Copy the entries word for word. Keep the pictures out.

# # # #

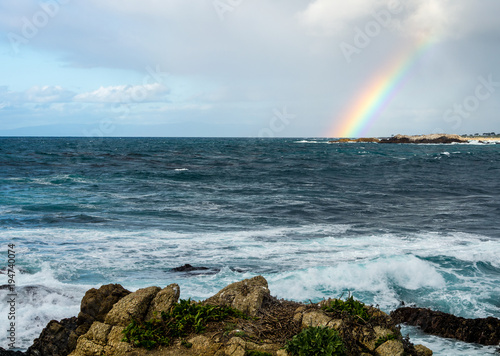 Rainbow Over Ocean Near Pebble Beach Monterey Peninsula California Rainbow Over Ocean Near Pebble Beach Monterey Peninsula California Usa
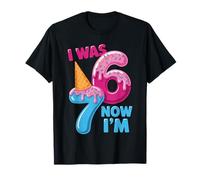 I Was 6 Now I’m 7 Ice Cream Birthday Kids Fun T-Shirt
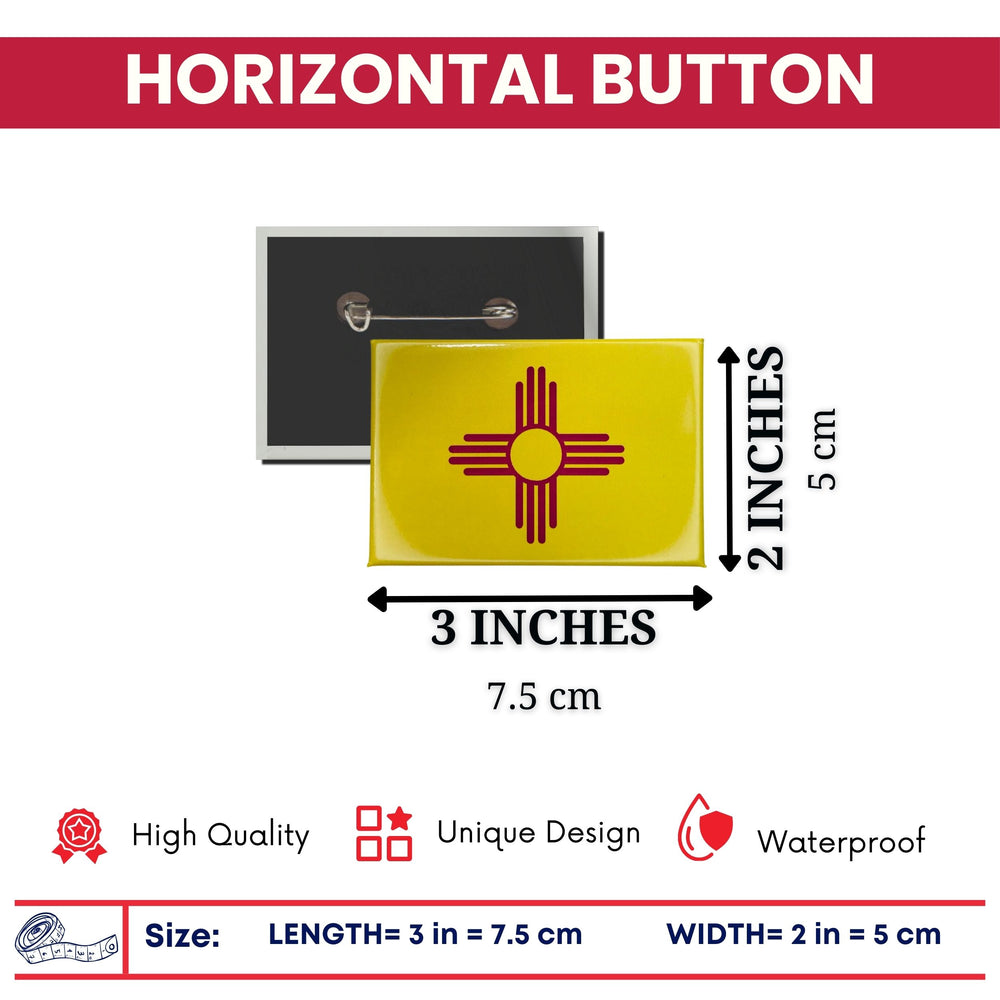 Horizontal Button - State Flag New Mexico - USA
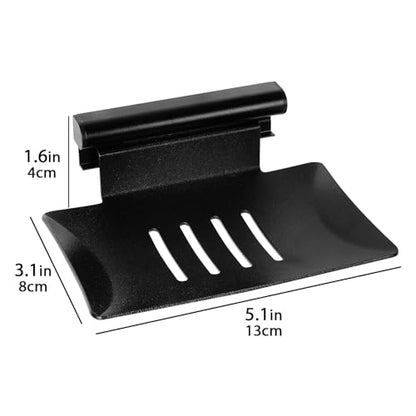 Detachable Soap Dish for Shower, 4 Slot Self-Adhesive Soap Holder for Bathroom, Wall Mounted Shower Soap Holder, Stainless Steel Soap Tray Black - color: Black Detachable 1pack
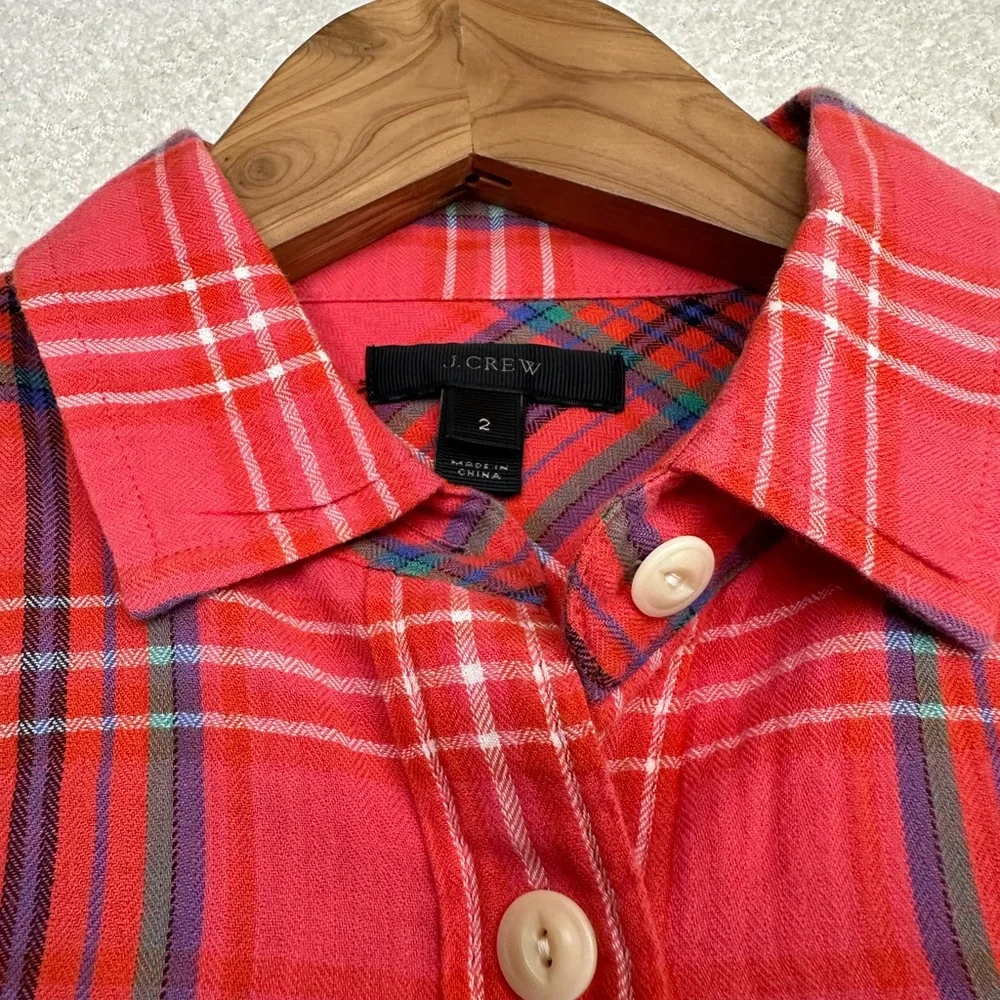 J. Crew Women’s Long Sleeve Flannel Button Down Shirt Size 2 Red Plaid - Picture 6 of 7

# # # #

## [SOLUTION TO THIS PROBLEM]
 Rainbow Over Ocean Near Pebble Beach Monterey Peninsula California Rainbow Over Ocean Near Pebble Beach Monterey Peninsula California Usa
 I Was 6 Now I’m 7 Ice Cream Birthday Kids Fun T-Shirt
 Horizontal Button - State Flag New Mexico - USA
 Detachable Soap Dish for Shower, 4 Slot Self-Adhesive Soap Holder for Bathroom, Wall Mounted Shower Soap Holder, Stainless Steel Soap Tray Black - color: Black Detachable 1pack
 J. Crew Women’s Long Sleeve Flannel Button Down Shirt Size 2 Red Plaid - Picture 6 of 7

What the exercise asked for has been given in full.